The DOT Language


The following is an abstract grammar defining the DOT language. Terminals are shown in bold font and nonterminals in italics. Literal characters are given in single quotes. Parentheses ( and ) indicate grouping when needed. Square brackets [ and ] enclose optional items.

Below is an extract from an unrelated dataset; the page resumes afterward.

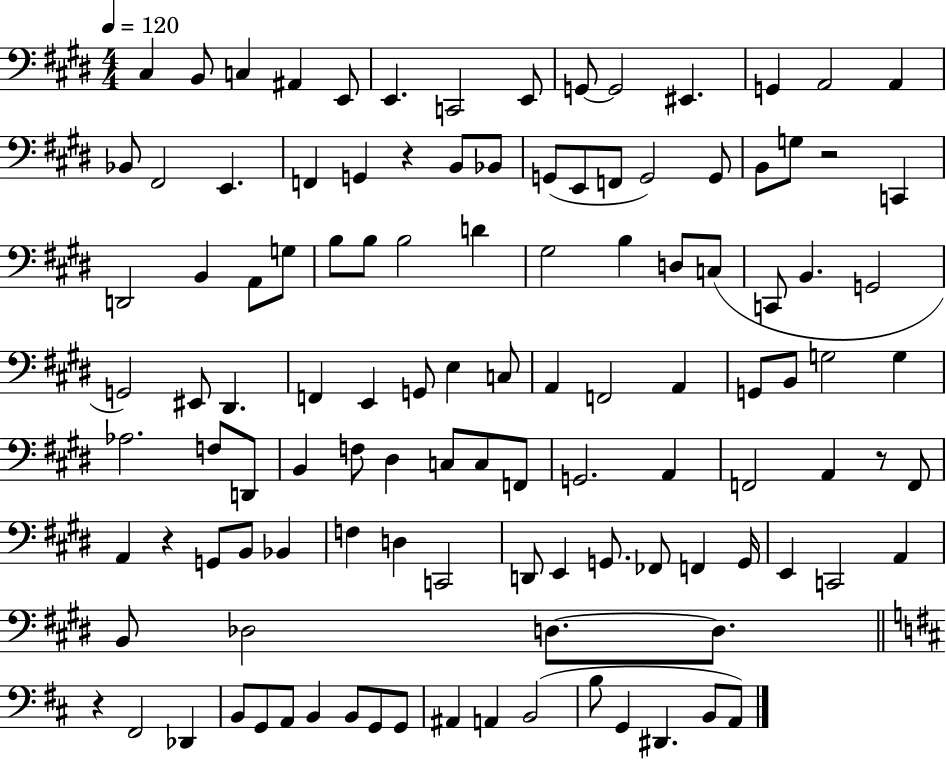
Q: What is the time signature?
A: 4/4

Vertical bars | separate alternatives.
graph : [ strict ] (graph | digraph) ID '{' stmt_list '}'
stmt_list : [ stmt [ ';' ] [ stmt_list ] ]
stmt : node_stmt
| edge_stmt
| attr_stmt
| ID '=' ID
| subgraph
attr_stmt : (graph | node | edge) attr_list
attr_list : '[' [ a_list ] ']' [ attr_list ]
a_list : ID [ '=' ID ] [ ',' ] [ a_list ]
edge_stmt : (node_id | subgraph) edgeRHS [ attr_list ]
edgeRHS : edgeop (node_id | subgraph) [ edgeRHS ]
node_stmt : node_id [ attr_list ]
node_id : ID [ port ]
port : port_location [ port_angle ]
| port_angle [ port_location ]
port_location : ':' ID
| ':' '(' ID ',' ID ')'
port_angle : '@' ID
subgraph : [ subgraph ID ] '{' stmt_list '}'
| subgraph ID

An ID is any alphanumeric string not beginning with a digit, but possibly including underscores; or a number; or any quoted string possibly containing escaped quotes.

An edgeop is -> in directed graphs and -- in undirected graphs.

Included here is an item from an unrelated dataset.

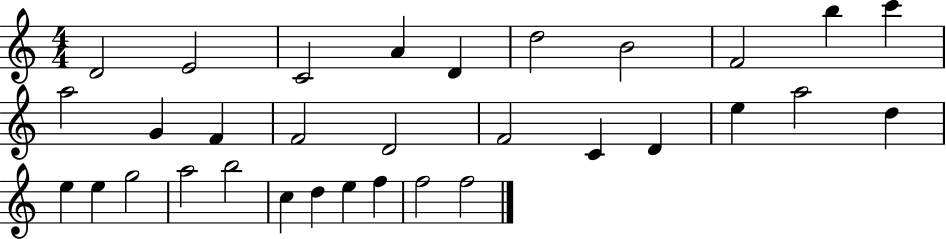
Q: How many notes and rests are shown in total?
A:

An a_list clause of the form ID is equivalent to ID=true.

The language supports C++-style comments: /* */ and //. In addition, a line beginning with a '#' character is considered a line output from a C preprocessor (e.g., # 34 to indicate line 34 ) and discarded.

Semicolons aid readability but are not required except in the rare case that a named subgraph with no body immediately preceeds an anonymous subgraph, since the precedence rules cause this sequence to be parsed as a subgraph with a heading and a body.

As another aid for readability, dot allows single logical lines to span multiple physical lines using the standard C convention of a backslash immediately preceding a newline character.